BIRDv2 OSPF: Stub for loopback potentially broken: Invalid Prefix in LSA

Ondrej Zajicek santiago at crfreenet.org
Tue Apr 23 19:33:18 CEST 2019


On Tue, Apr 23, 2019 at 12:40:04PM +0000, Joakim Tjernlund wrote:
> > I think the standard just does not consider the case of 'unnumbered'
> > link with both local and remote address but without subnet and assumes
> > 'real' unnumbered PtP link with no local IP address associated with
> > the iface.
> 
> There is always some local address, in linux you have to assign it to the I/F,
> but in others, like Cisco, you can assign an IP address to a dummy I/F and then
> tell unnumbered I/Fs to use the dummy I/Fs' IP address.
> There has to be some SRC IP address on pkgs sent by OSPF

Yes, but the way how the RFC is written it (IMHO) assumes the second case -
unnumbered ifaces using SRC IP from some dummy iface. Therefore stub
node is associated with the dummy iface and not with the unnumbered PtP iface.


> Since Linux always has an local IP adress it is not possible to deduce if the
> user intended the link to be unnumbered or not, unless one wants to add explicit
> config "unnumbered", it would be best to assume unnumbered I think.

I do not understand what you mean in this article. Linux could have active iface
without any IP address and it can be used for PtP link (with SRC IP from some
other iface), but it is not implemented in BIRD.

It is true that even a link with local /32 IP without specified remote peer could
be used for OSPF PtP link. BIRD in this case assumes it is a stub /32 and i am not
sure whether it could be configured as regular PtP. I did not realized before that
this is a relevant case for PtP link.


> Consider the use case with many /32 ptp links, all with the same local IP, there would
> be a lot of redundant host routes in the Router LSA. Better to let the user
> add an explicit stub network for all PtoP's if one needs it.

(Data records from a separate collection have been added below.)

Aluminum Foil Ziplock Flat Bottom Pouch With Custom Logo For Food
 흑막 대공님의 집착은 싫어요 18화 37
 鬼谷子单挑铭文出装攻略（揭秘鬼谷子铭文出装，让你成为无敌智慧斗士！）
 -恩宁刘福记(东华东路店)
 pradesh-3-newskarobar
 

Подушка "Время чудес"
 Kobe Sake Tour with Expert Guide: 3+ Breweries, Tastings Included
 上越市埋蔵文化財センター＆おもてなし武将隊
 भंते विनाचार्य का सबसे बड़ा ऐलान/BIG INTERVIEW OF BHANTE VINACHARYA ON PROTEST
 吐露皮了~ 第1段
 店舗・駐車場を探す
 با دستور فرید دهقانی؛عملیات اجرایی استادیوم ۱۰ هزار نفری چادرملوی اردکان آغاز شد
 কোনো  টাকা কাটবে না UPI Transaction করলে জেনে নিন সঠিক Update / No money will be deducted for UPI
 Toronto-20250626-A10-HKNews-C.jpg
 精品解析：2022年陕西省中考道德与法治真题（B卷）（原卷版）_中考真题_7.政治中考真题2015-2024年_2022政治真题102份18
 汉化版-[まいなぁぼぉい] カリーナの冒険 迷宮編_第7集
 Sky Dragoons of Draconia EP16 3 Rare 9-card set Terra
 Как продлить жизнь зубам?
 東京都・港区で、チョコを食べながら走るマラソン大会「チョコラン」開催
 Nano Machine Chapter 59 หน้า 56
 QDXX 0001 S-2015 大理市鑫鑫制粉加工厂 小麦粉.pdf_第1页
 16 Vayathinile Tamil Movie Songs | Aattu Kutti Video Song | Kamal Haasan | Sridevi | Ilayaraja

Well, that is solvable by not putting the same stub multiple times in the
Router LSA.

More debatable is a case like this:

eth0 10.0.0.1/24
eth1 10.0.0.1/32 peer 10.0.1.1/32

10.0.0.1 is already reachable by route for eth0 (either stub or network),
so it is technically not necessary to have it in the Router LSA as
a separate /32 stub. So it makes sense to me to have it configurable
with three values: yes, no, if-not-covered.

-- 
Elen sila lumenn' omentielvo

Ondrej 'Santiago' Zajicek (email: santiago at crfreenet.org)
OpenPGP encrypted e-mails preferred (KeyID 0x11DEADC3, wwwkeys.pgp.net)
"To err is human -- to blame it on a computer is even more so."